I can't stand my mother-in-law



My husband is a momma's boy but I can't stand her. He insists on having regular dinners at our house and having her over all the time. I'm tempted to make other plans so I don't have to be around when she comes over. How do I keep her from encroaching on my home?

That’s a great idea. If he’s angling the dinners as her coming over to spend time with him, then you can find something else to do. It sounds like this is about mother-son time – at least the way you’re describing it. I notice you don’t describe it as her “coming to visit us” or “spend time with us.” You view it as “having her over” which seems casual and informal.

I also wonder why it’s happening so much/often. How often is “all the time” in your opinion? Also, is she married? A widow? Live alone? Elderly? In poor health? If there’s something else at play here, you might need to give way for compassion if he’s the sole dependent and she needs someone.

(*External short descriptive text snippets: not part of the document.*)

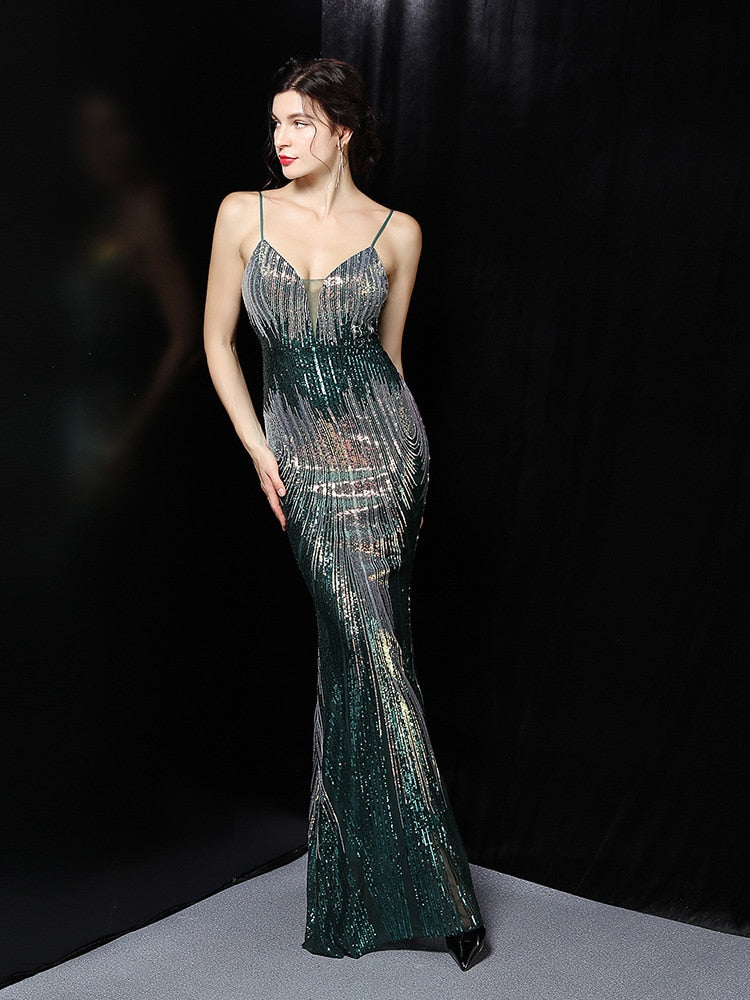 Vestido de Festa Longo Sereia Brilho e Alça Espaguete Verde Escuro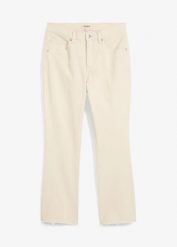 Jeansy flared, high waist, cropped. Niebieskie jeansy damskie bonprix, bez wzorów, z jeansu, z podwyższonym stanem, krótkie. Za 129.99 zł.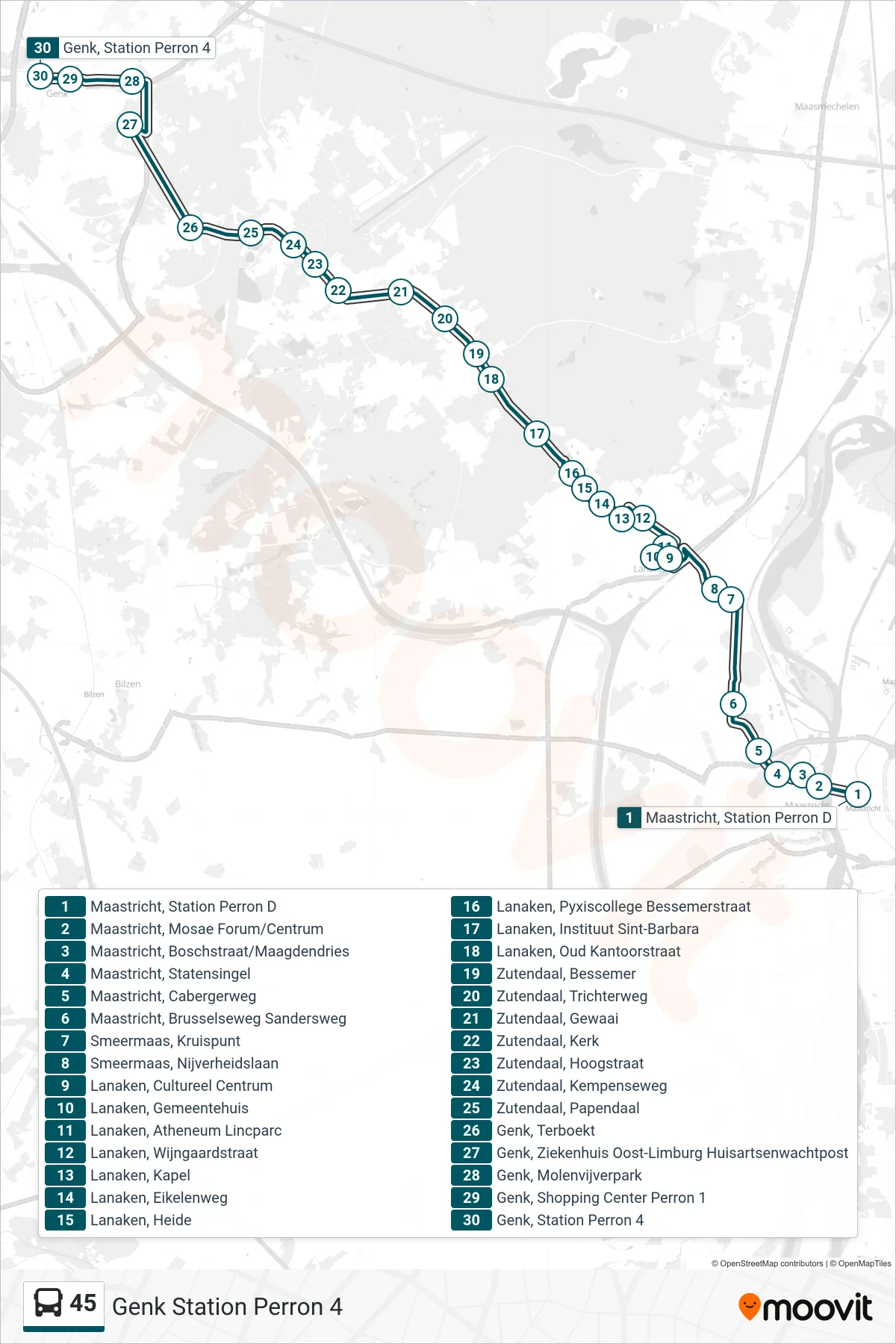 Lijn 45 (bus, Genk Station Perron 4): route en haltes op de kaart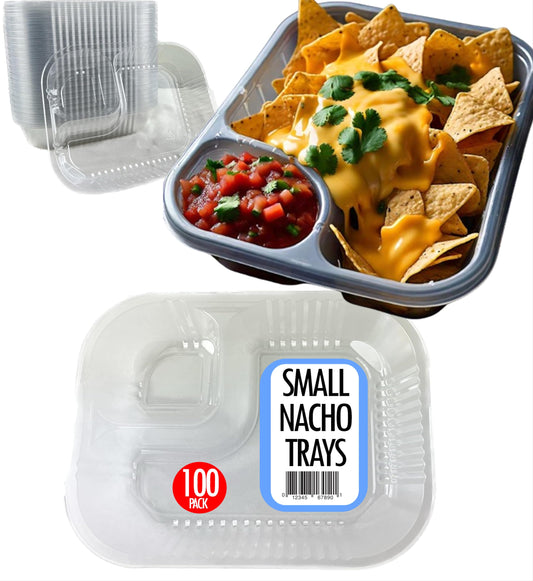 Mr Miracle Disposable Plastic Nacho Trays with 2 Compartments - 12oz Crystal Clear Nachos Trays for Cheese Dip, Concession Stands, Movie Nights & Sports Parties - Leak-Resistant & Freezer Safe…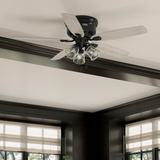 Hunter Kennewick 52-in Matte Black Indoor Flush Mount Ceiling Fan with Light (5-Blade)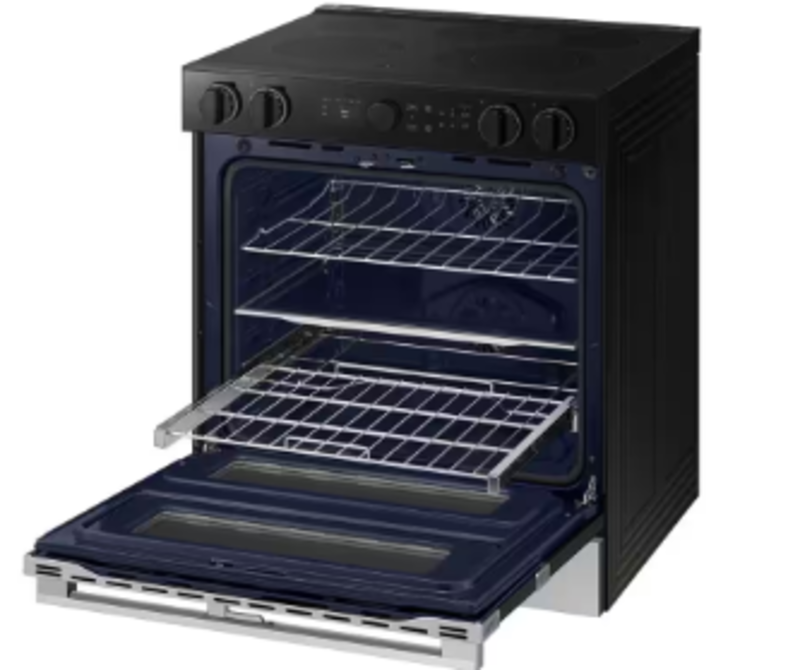 Samsung *NSE6DG8550SR  30 in. Bespoke 5-Burner Element Smart Slide-In Electric Range 6.3 cu. ft. Capacity with Flex Duo in Stainless Steel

There’s nothing wrong with having weekly or monthly dinners. Sometimes you need to suck it up and tolerate it because that’s your husband and that’s his mom. If the focus of the dinners is their togetherness and you’re a minor player – or not even that – what’s the harm in you doing something else during that time? Are you included in what’s happening or do you seem like a third wheel? If the latter, say you’ve got plans that night and bounce. (You have a spa appointment... that hubby is paying for!)

Now, if she’s abusive or rude or disrespectful to you, that’s a whole other story. That’s definitely a conversation to have with the husband because he needs to stick up for you. If he’s a momma’s boy in the true definition, that means he’d choose her over you. And that’s where the red flags come in – and the casting producers from TLC.

If it’s simply not liking her, that’s kind of on you. If there’s something she does to make you uncomfortable in your own home, you need to address that and stand up to your husband, telling him that it’s your house and nobody – not even his mother – will treat/talk to you that way. I hate ultimatums but if it’s at that point, it might be your last resort. How big of an issue is this for you?